• Source records

=== Section Start ===

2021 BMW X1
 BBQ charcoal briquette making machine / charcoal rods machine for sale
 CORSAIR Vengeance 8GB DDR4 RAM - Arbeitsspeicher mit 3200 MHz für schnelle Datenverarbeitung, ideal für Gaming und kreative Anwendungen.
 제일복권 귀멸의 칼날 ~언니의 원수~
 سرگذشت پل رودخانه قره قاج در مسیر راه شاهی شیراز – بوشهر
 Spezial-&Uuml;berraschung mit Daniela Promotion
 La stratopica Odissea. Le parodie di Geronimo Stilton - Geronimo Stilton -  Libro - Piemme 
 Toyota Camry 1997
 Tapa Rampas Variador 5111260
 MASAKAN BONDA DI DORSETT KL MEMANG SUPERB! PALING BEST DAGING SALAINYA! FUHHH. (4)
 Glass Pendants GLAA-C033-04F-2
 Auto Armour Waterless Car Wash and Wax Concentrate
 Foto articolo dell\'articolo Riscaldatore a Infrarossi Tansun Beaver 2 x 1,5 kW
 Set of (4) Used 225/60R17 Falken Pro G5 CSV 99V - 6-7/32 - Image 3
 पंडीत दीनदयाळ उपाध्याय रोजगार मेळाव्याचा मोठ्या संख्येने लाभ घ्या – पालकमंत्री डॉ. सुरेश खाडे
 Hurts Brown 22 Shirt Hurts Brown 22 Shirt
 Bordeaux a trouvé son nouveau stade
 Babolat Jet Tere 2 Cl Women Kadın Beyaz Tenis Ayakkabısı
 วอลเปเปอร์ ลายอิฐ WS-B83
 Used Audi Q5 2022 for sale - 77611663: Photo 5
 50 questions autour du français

=== Section End ===

• What the task requires
Output an exact copy of each record.

• Answer section
2021 BMW X1
 BBQ charcoal briquette making machine / charcoal rods machine for sale
 CORSAIR Vengeance 8GB DDR4 RAM - Arbeitsspeicher mit 3200 MHz für schnelle Datenverarbeitung, ideal für Gaming und kreative Anwendungen.
 제일복권 귀멸의 칼날 ~언니의 원수~
 سرگذشت پل رودخانه قره قاج در مسیر راه شاهی شیراز – بوشهر
 Spezial-&Uuml;berraschung mit Daniela Promotion
 La stratopica Odissea. Le parodie di Geronimo Stilton - Geronimo Stilton -  Libro - Piemme 
 Toyota Camry 1997
 Tapa Rampas Variador 5111260
 MASAKAN BONDA DI DORSETT KL MEMANG SUPERB! PALING BEST DAGING SALAINYA! FUHHH. (4)
 Glass Pendants GLAA-C033-04F-2
 Auto Armour Waterless Car Wash and Wax Concentrate
 Foto articolo dell\'articolo Riscaldatore a Infrarossi Tansun Beaver 2 x 1,5 kW
 Set of (4) Used 225/60R17 Falken Pro G5 CSV 99V - 6-7/32 - Image 3
 पंडीत दीनदयाळ उपाध्याय रोजगार मेळाव्याचा मोठ्या संख्येने लाभ घ्या – पालकमंत्री डॉ. सुरेश खाडे
 Hurts Brown 22 Shirt Hurts Brown 22 Shirt
 Bordeaux a trouvé son nouveau stade
 Babolat Jet Tere 2 Cl Women Kadın Beyaz Tenis Ayakkabısı
 วอลเปเปอร์ ลายอิฐ WS-B83
 Used Audi Q5 2022 for sale - 77611663: Photo 5
 50 questions autour du français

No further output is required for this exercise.